The Raptors deal Vince for 2 first rounders, Eric Williams, Aaron Williams, and Mourning, who they are about to buyout for some figure over 10 million

You think they think twice about TT or Penny with a collection of those expiring contracts?

Look at what the Nets got for Kenyon Martin. They didn't want to give K-Mart the money he got, and they STILL got THREE first round picks out of Denver.
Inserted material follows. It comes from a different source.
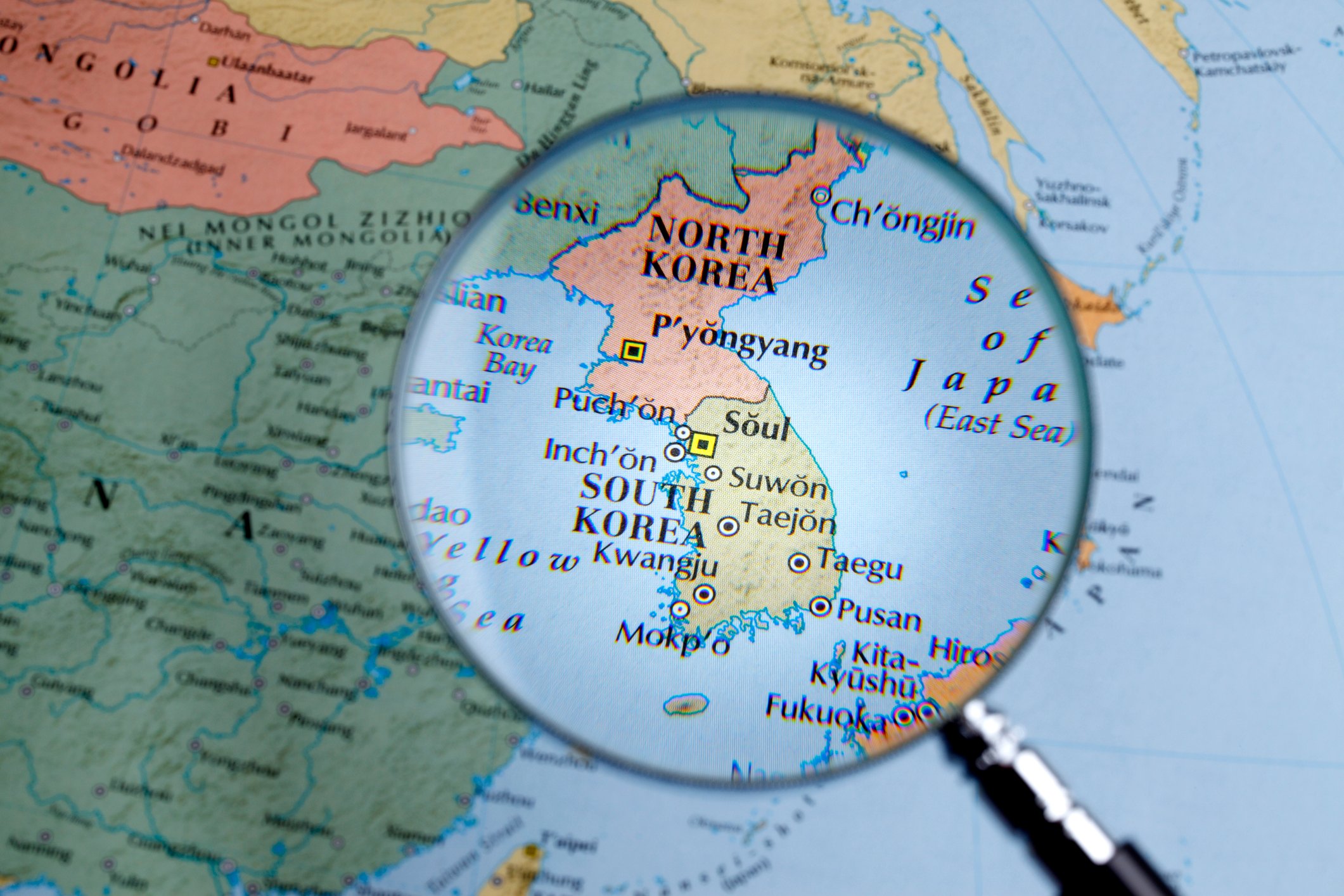 Map of North and South Korea under a magnifying glass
Picks and expiring contracts are assets that are worth all-stars to many teams. The Knicks dealt all of their assets for a sixth man caliber player that might make one all-star team during his career if all the other guards in the east like Lebron/Wade/Iverson/Kidd/Baron/Marbury/Redd/Hamilton/Billups/Pierce/Francis/Carter all decide to simultaneously die. Crawford isn't even a top 10 guard in the east, and won't be for a long time. He might not even be top 15 in the east, since I didn't mention Arenas, Hughes, Tinsley, Mobley, Houston, or Hinrich.

But hey, it was worth all our assets to pick up John Starks minus the defense, right? Who cares that we don't have any tradable assets until next year, right? We'll be ready to pick up the next disgruntled big man.... oh, wait. There really aren't any more of those lying around, are there? All the stars have been traded all ready. Aside from Chris Webber, Baron Davis, and Jalen Rose of course.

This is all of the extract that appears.